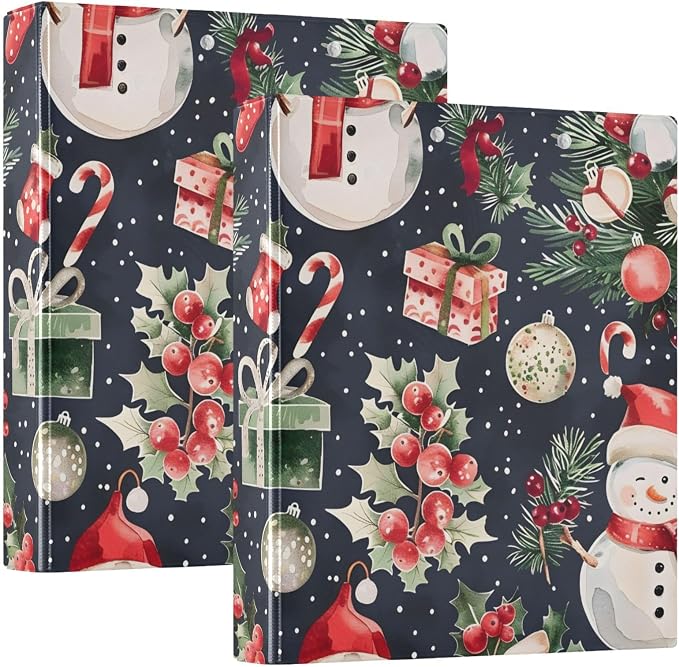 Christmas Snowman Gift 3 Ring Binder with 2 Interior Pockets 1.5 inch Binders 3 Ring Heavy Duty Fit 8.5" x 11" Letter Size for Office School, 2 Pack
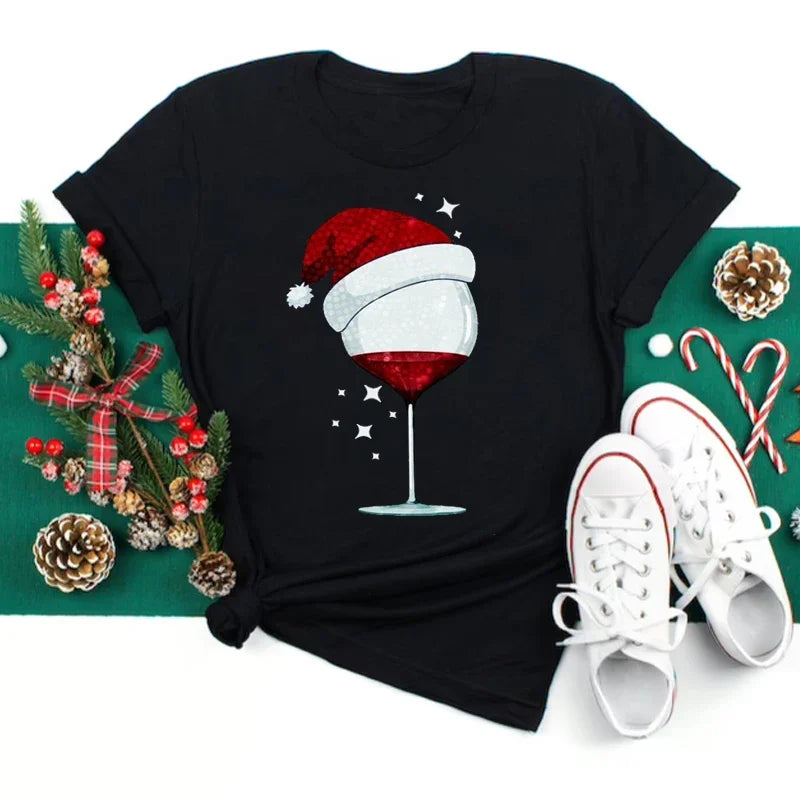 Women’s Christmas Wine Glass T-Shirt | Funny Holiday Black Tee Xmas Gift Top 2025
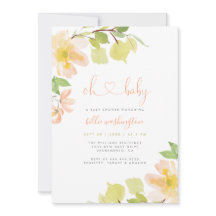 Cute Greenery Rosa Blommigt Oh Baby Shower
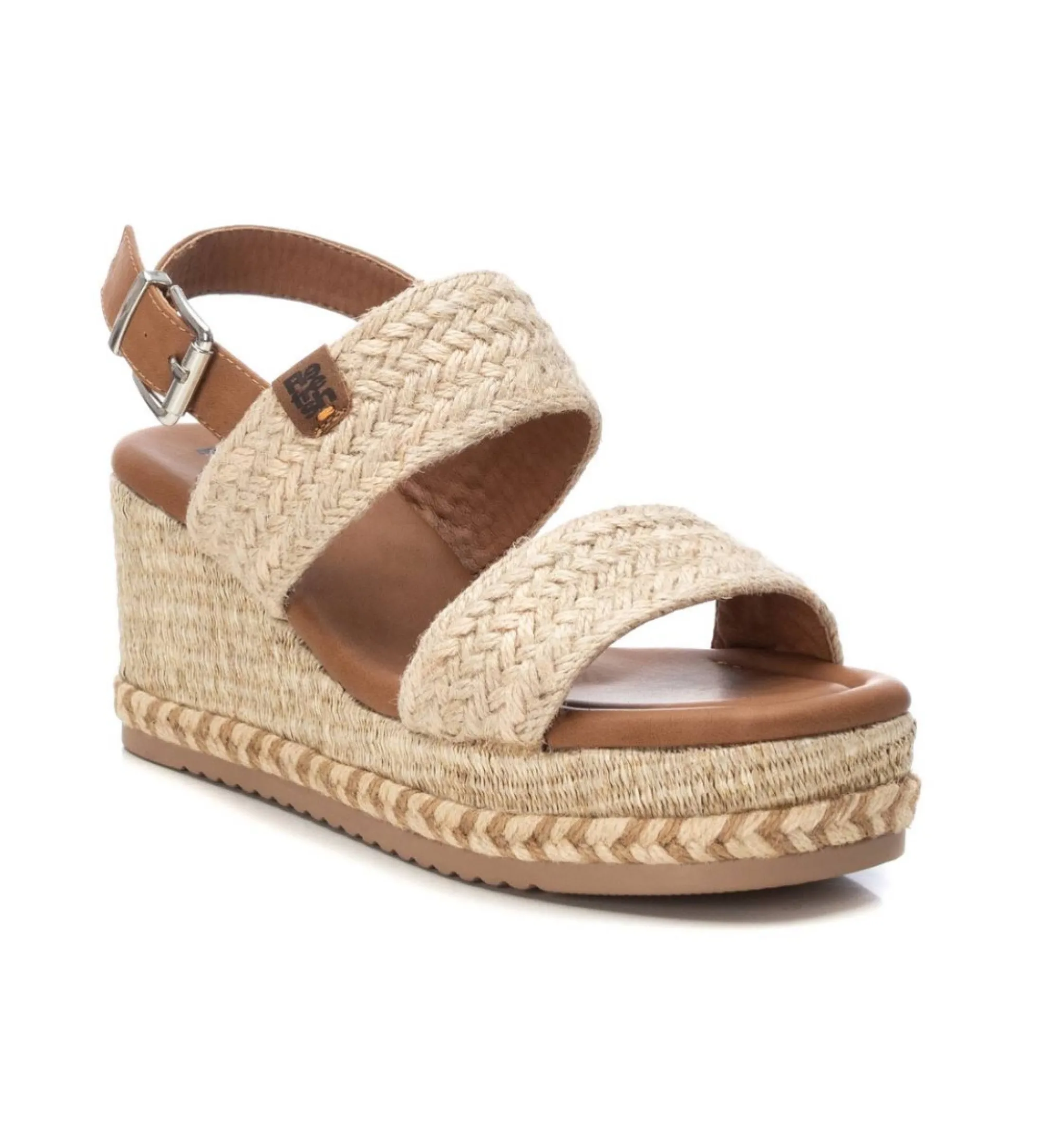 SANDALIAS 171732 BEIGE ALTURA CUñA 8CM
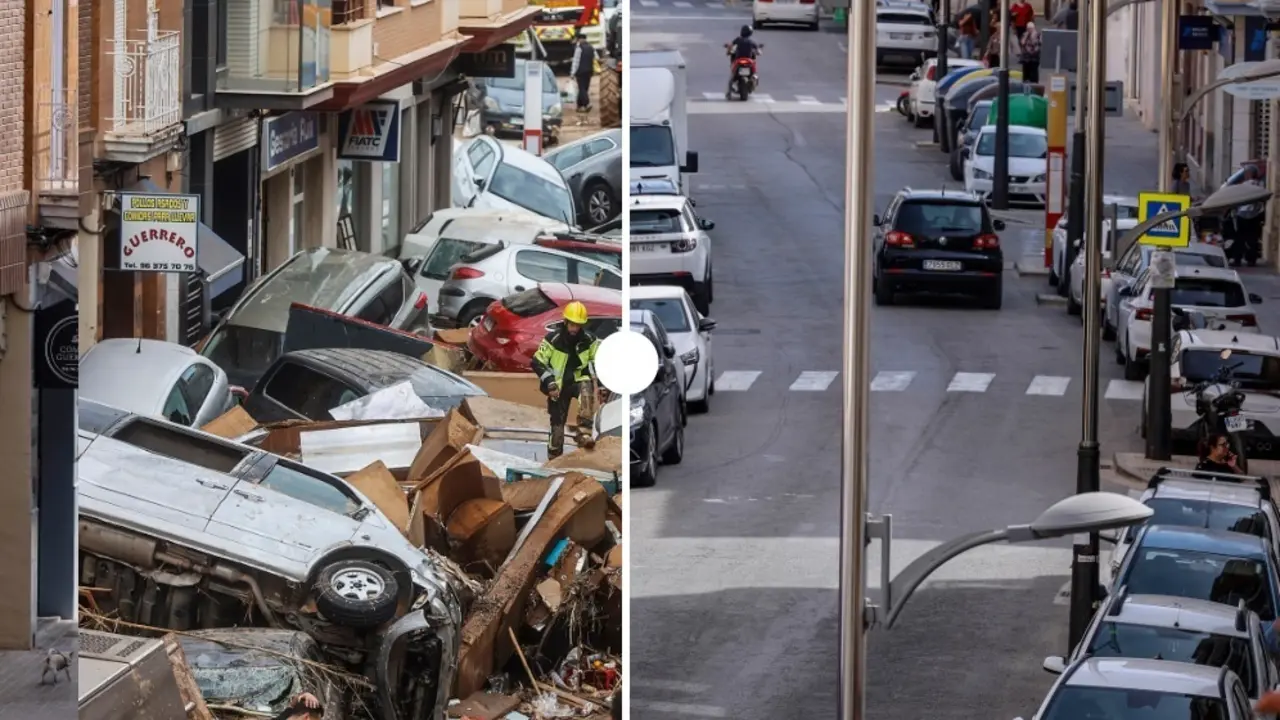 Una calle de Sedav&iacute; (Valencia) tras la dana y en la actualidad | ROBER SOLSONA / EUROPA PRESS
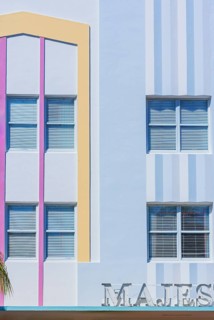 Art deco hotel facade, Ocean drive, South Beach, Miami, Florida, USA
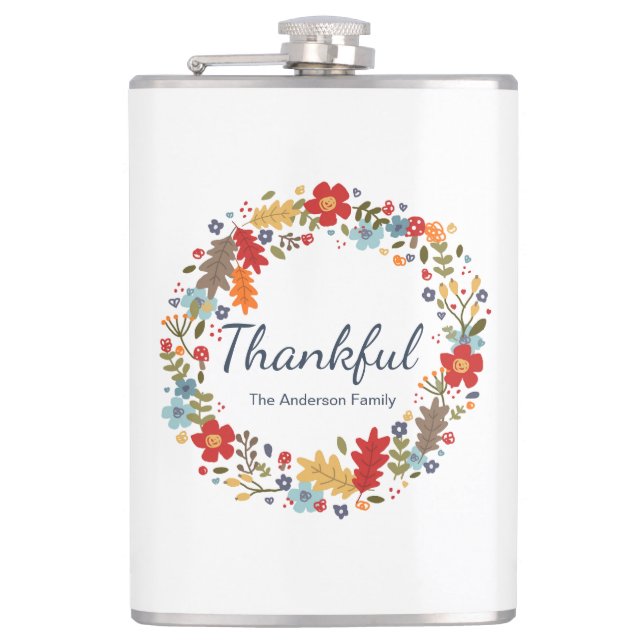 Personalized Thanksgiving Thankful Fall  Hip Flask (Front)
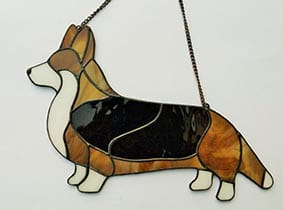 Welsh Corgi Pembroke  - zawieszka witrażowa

▬▬▬

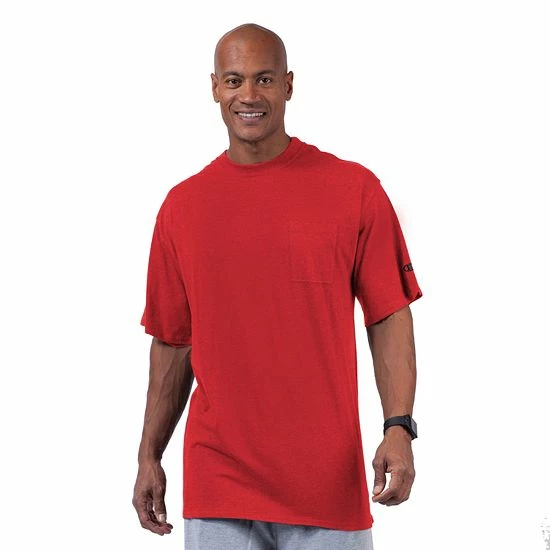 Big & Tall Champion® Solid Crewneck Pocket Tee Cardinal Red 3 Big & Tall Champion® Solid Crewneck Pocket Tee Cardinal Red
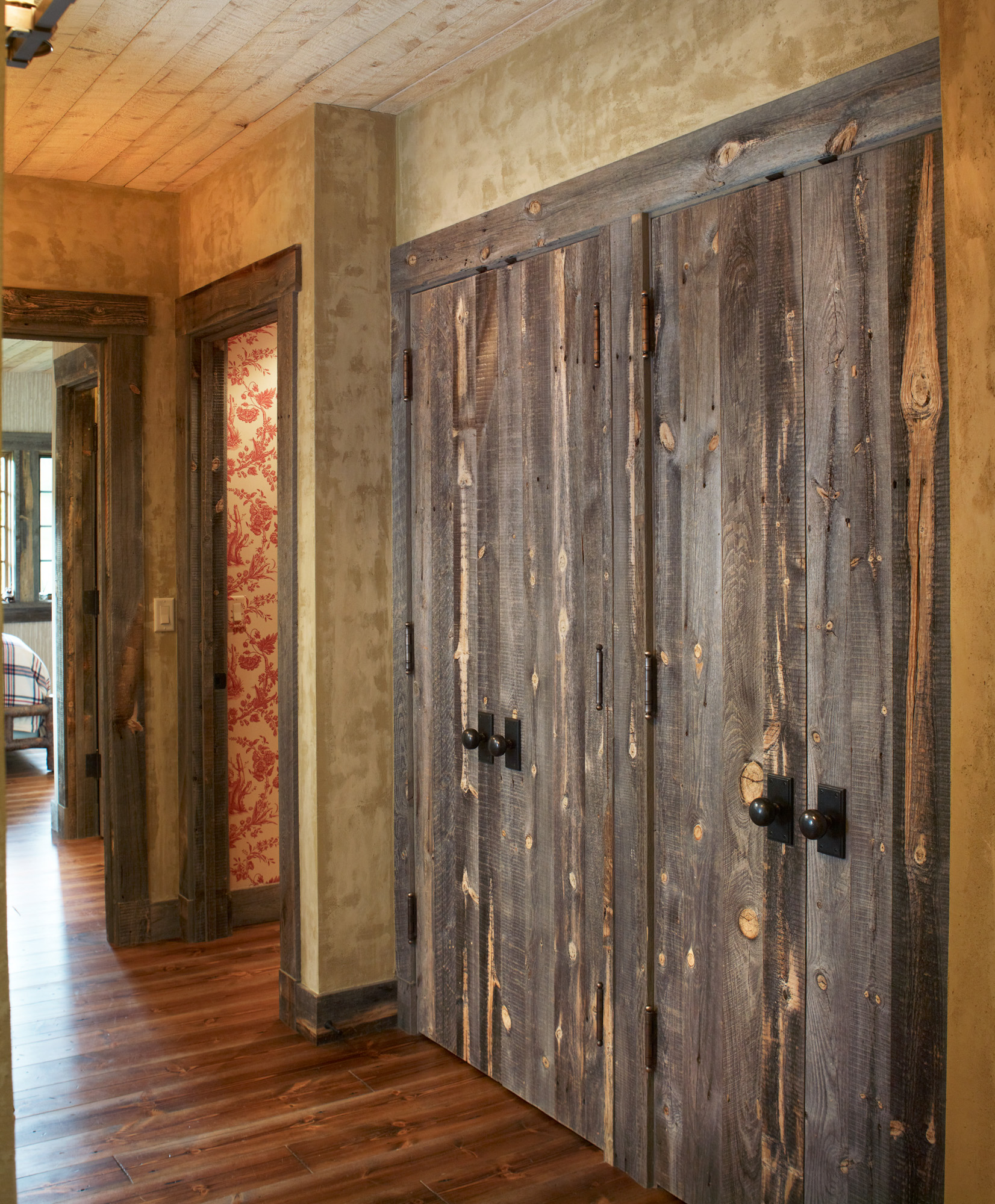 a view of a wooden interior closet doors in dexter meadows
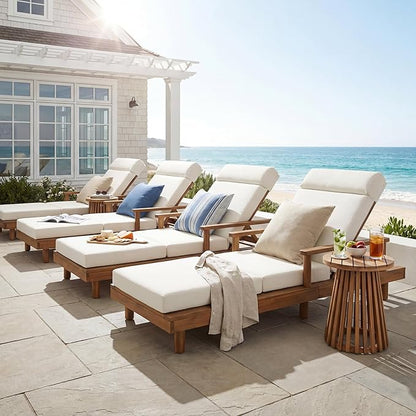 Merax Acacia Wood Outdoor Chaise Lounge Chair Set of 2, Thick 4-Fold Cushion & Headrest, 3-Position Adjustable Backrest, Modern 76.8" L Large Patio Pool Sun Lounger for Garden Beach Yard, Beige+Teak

▬▬▬

> WHAT TO DO
Copy exactly the material above from the line with "SANDALIAS 171732 BEIGE ALTURA CUñA 8CM" to the line with "Welsh Corgi Pembroke", ends included, and nothing else. Leave out any picture.

> RESULT OF THE TASK
 SANDALIAS 171732 BEIGE ALTURA CUñA 8CM
 Una calle de Sedav&iacute; (Valencia) tras la dana y en la actualidad | ROBER SOLSONA / EUROPA PRESS
 Art deco hotel facade, Ocean drive, South Beach, Miami, Florida, USA
 Personalized Thanksgiving Thankful Fall  Hip Flask (Front)
 Welsh Corgi Pembroke  - zawieszka witrażowa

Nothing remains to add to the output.